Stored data
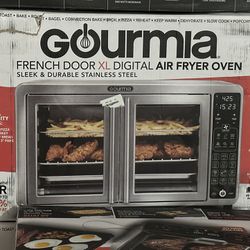 Gourmia 43L XL Digital Countertop Oven with Single-Pull French Doors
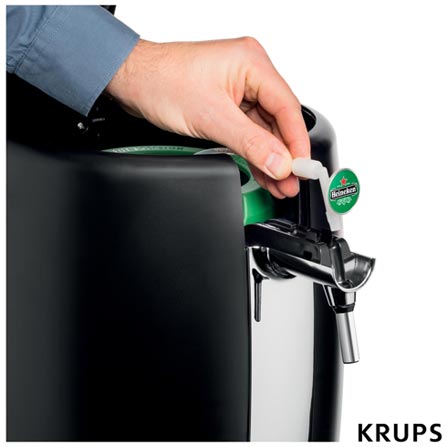 Chopeira Beertender Krups Heineken com Capacidade de 5 Litros Preta - B101_CHOP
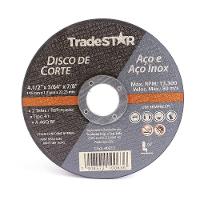 Disco De Corte 115 X 1,2 Mm Furo 7/8 Aço E Inox Tradestar - 10
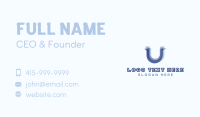 Stylish Company Letter U Business Card Design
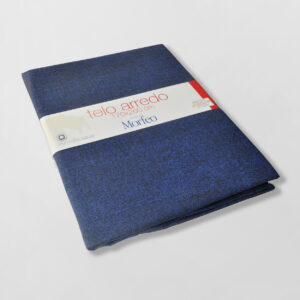 Telo arredo multiuso in cotone a tinta unita colore blu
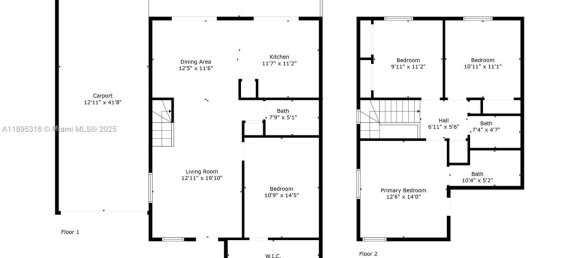 3 dormitorios villa en venta en Miami, Miami-Dade, Florida, USA № 614229 13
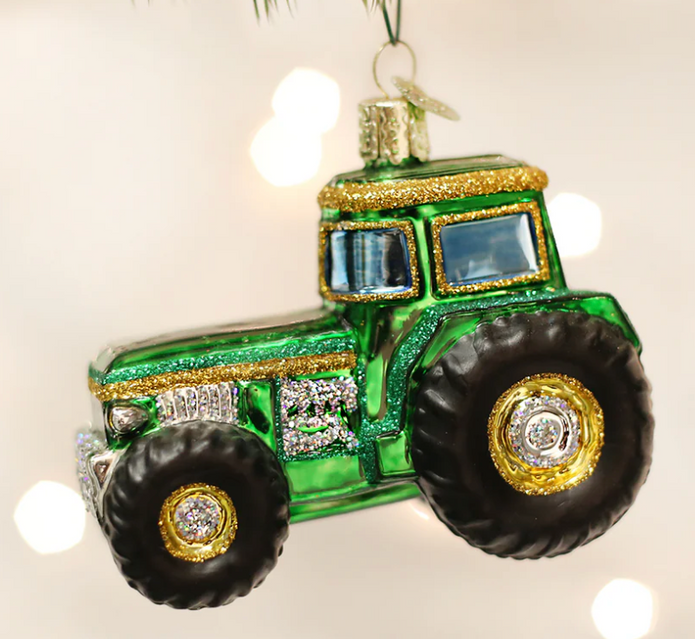 Old World Christmas - Tractor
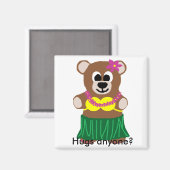 Hula bear, Hugs qui que ce soit ? aimant (Recto/Verso)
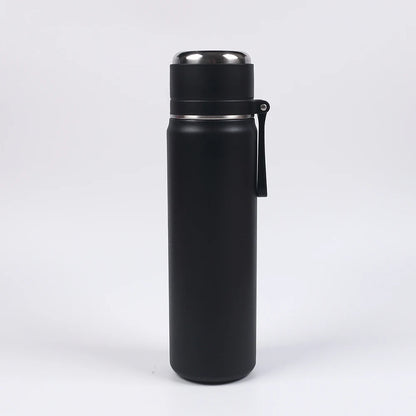 Vacuum Insulated Thermos Bottle – Stainless Steel Travel Water Bottle with Handle
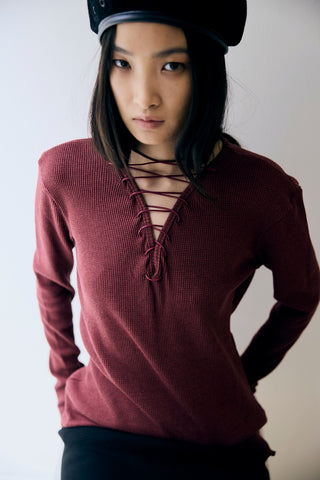 《予約》LACE UP THERMAL TOPS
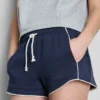 Běžecké kraťasy z jersey s vysokým podílem bavlny
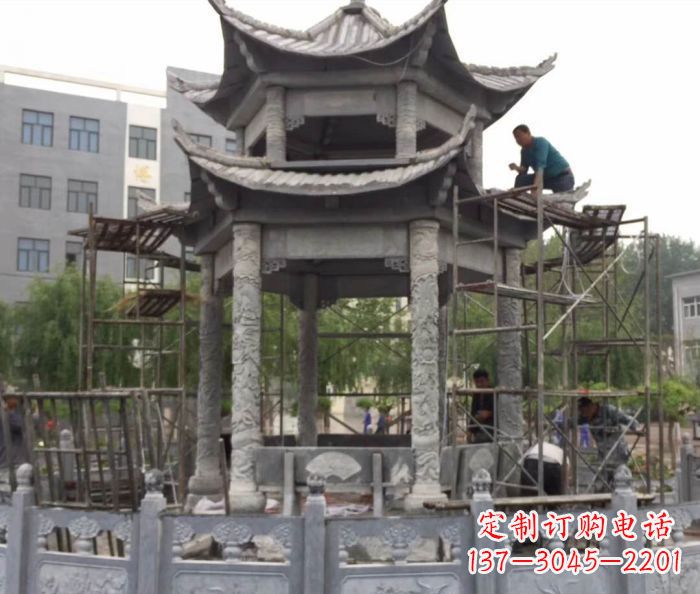 福建仿古双层石雕凉亭 (5)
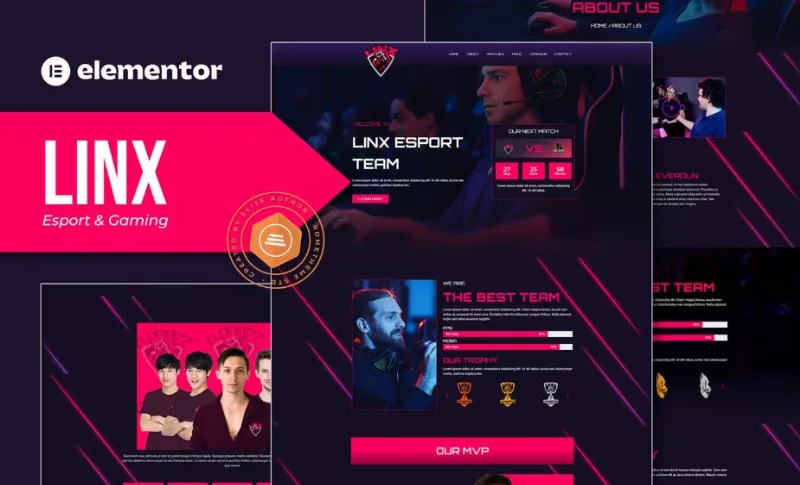 Linx – Esport & Gaming Elementor Template
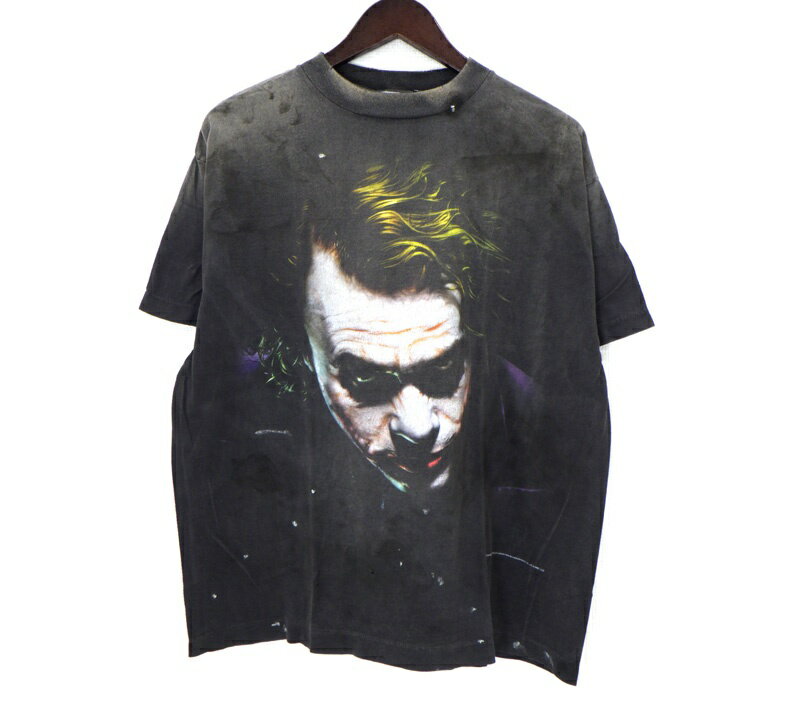 Rakuten - セントマイケル SAINT MICHAEL 25SS 【 SM-HR8-0000-C53 】 ヴィンテージ加工 ジョーカー プリントTシャツ　ウォッシュブラック　サイズM　50677【中古】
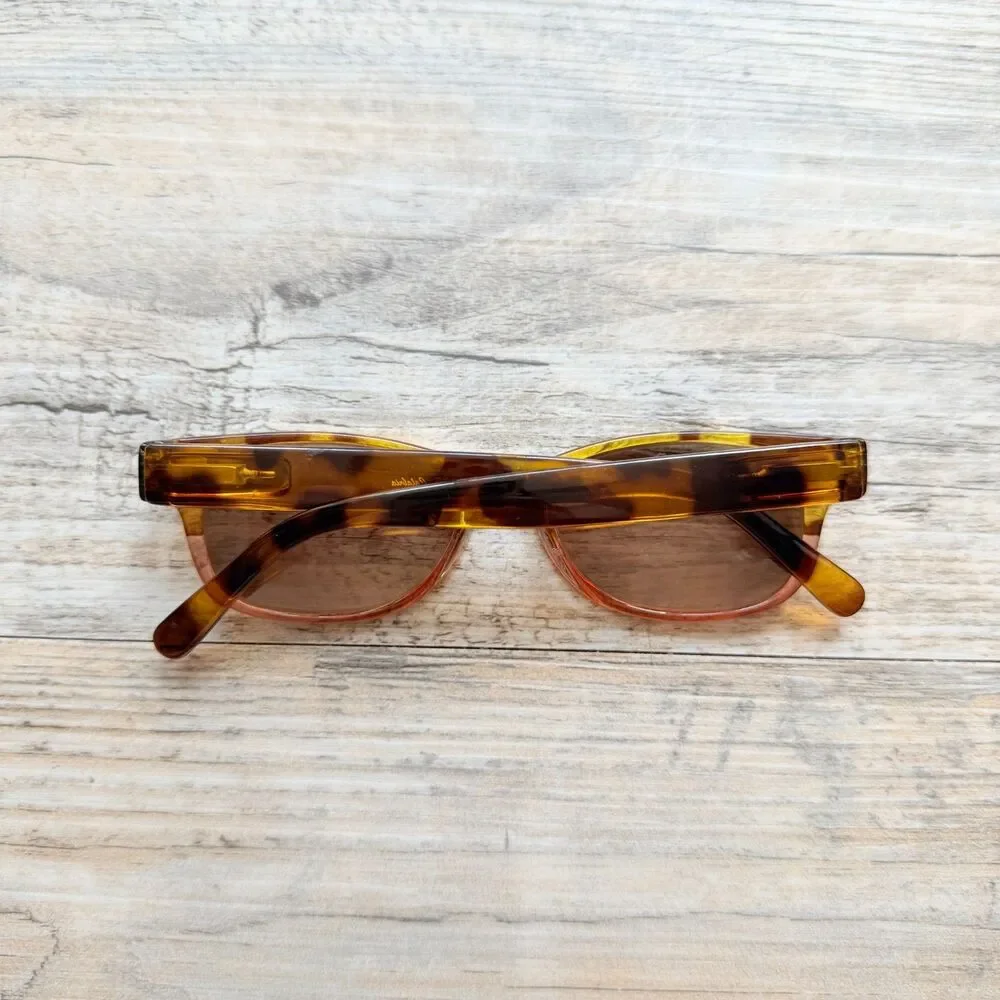 Vintage Y2K Sunglasses Reading Glasses +1.75 Tortoise Amber Pink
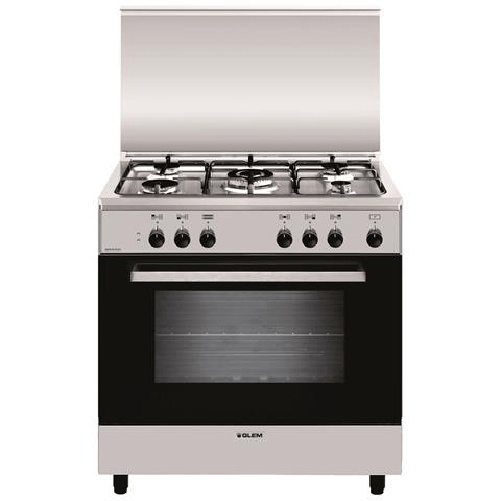 Glemgas cucina a855ei 5fuo t/cor f/ele 95lt 80x90x50 inox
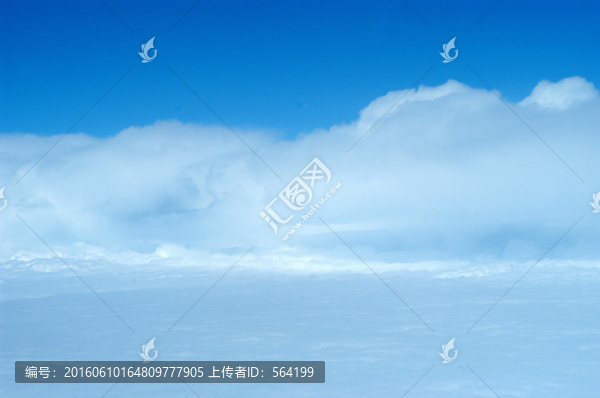 高空,云海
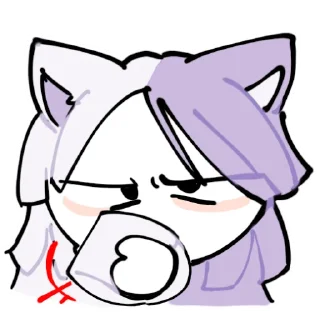 Telegram sticker 💜 Котик Сигма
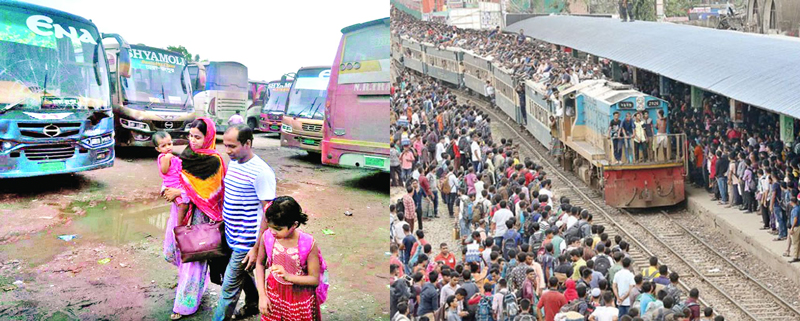 সিলেট-ঢাকা রুটে বাস চলাচল প্রায় বন্ধ, কালোবাজারে ট্রেনের টিকেট: দুর্ভোগে যাত্রীরা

Required work: The answer must be an exact copy of the lines from the one that holds "Stylish Company Letter" through the end of the data, both included, with no pictures.

Solution for this problem:
 Stylish Company Letter U Business Card Design
 Telo arredo multiuso in cotone a tinta unita colore blu
 3 dormitorios villa en venta en Miami, Miami-Dade, Florida, USA № 614229 13
 Old World Christmas - Tractor
 Hula bear, Hugs qui que ce soit ? aimant (Recto/Verso)
 Vacuum Insulated Thermos Bottle – Stainless Steel Travel Water Bottle with Handle
 《予約》LACE UP THERMAL TOPS
 Běžecké kraťasy z jersey s vysokým podílem bavlny
 福建仿古双层石雕凉亭 (5)
 Linx – Esport & Gaming Elementor Template
 Rakuten - セントマイケル SAINT MICHAEL 25SS 【 SM-HR8-0000-C53 】 ヴィンテージ加工 ジョーカー プリントTシャツ　ウォッシュブラック　サイズM　50677【中古】
 Vintage Y2K Sunglasses Reading Glasses +1.75 Tortoise Amber Pink
 Glemgas cucina a855ei 5fuo t/cor f/ele 95lt 80x90x50 inox
 高空,云海
 Telegram sticker 💜 Котик Сигма
 সিলেট-ঢাকা রুটে বাস চলাচল প্রায় বন্ধ, কালোবাজারে ট্রেনের টিকেট: দুর্ভোগে যাত্রীরা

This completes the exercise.